▶ _WORK ORDER_: Please transcribe exactly the lines from the one containing "Men Lacoste colorblock hoodie medium" through the end of the records below, both included, and nothing else.

┄┄┄┄┄┄┄┄┄┄┄┄┄┄┄┄┄┄┄┄

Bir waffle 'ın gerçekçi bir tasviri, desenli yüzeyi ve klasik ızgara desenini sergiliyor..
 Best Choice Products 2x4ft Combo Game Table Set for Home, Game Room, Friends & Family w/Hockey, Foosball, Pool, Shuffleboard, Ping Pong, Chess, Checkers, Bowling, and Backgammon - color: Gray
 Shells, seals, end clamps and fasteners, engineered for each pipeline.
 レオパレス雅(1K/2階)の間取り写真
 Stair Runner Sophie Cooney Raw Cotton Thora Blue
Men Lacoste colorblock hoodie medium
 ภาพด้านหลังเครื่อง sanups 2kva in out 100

┄┄┄┄┄┄┄┄┄┄┄┄┄┄┄┄┄┄┄┄

▶ _WRITTEN RESPONSE_:
Men Lacoste colorblock hoodie medium
 ภาพด้านหลังเครื่อง sanups 2kva in out 100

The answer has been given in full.